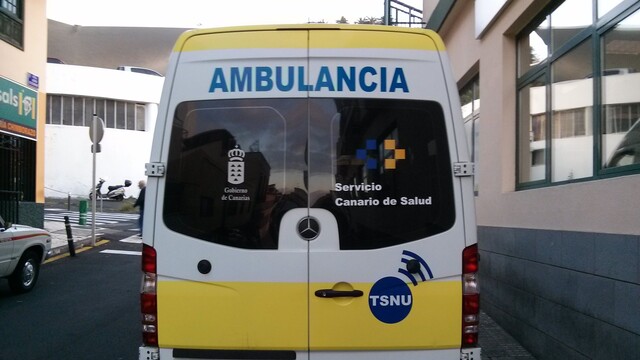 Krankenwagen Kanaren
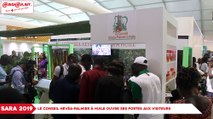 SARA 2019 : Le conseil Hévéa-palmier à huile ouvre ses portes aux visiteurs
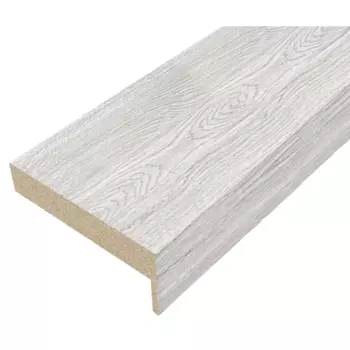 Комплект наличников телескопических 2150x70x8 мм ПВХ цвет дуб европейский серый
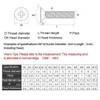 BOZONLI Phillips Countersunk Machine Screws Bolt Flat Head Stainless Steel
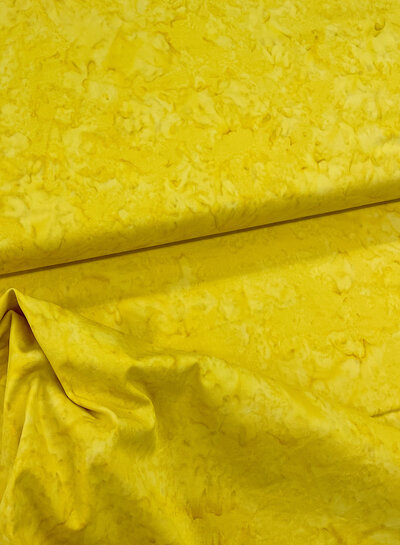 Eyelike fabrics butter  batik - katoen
==
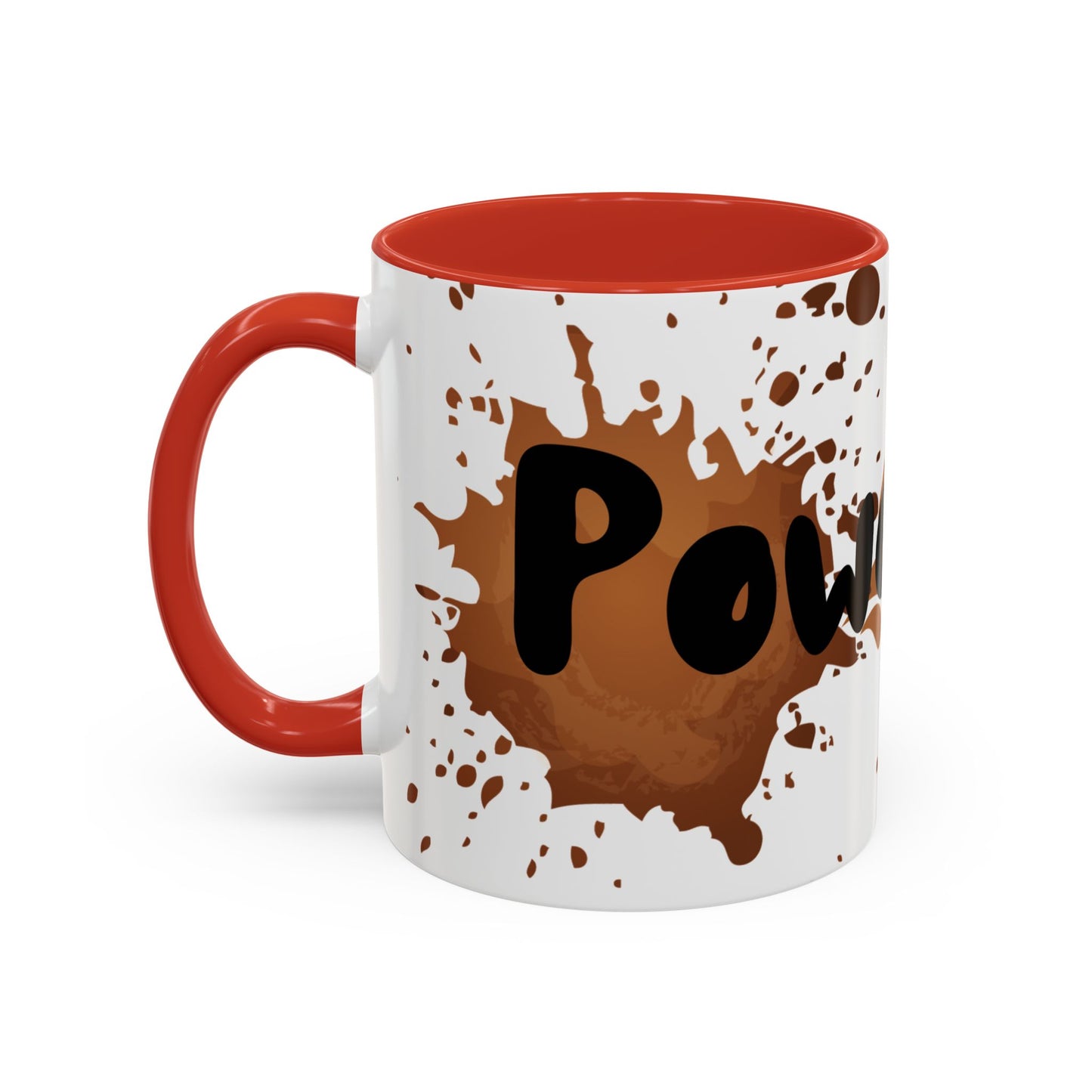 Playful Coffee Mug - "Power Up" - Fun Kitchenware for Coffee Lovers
* * *
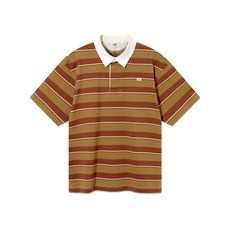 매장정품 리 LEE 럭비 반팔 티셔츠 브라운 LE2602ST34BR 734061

:: Task prompt ::
Only one part of the material above is wanted: the lines from the one with "Комплект наличников телескопических" up to and including the one with "Eyelike fabrics butter". Please copy them exactly, pictures left out.

:: Response for this exercise ::
 Комплект наличников телескопических 2150x70x8 мм ПВХ цвет дуб европейский серый
 BOZONLI Phillips Countersunk Machine Screws Bolt Flat Head Stainless Steel
 Eyelike fabrics butter  batik - katoen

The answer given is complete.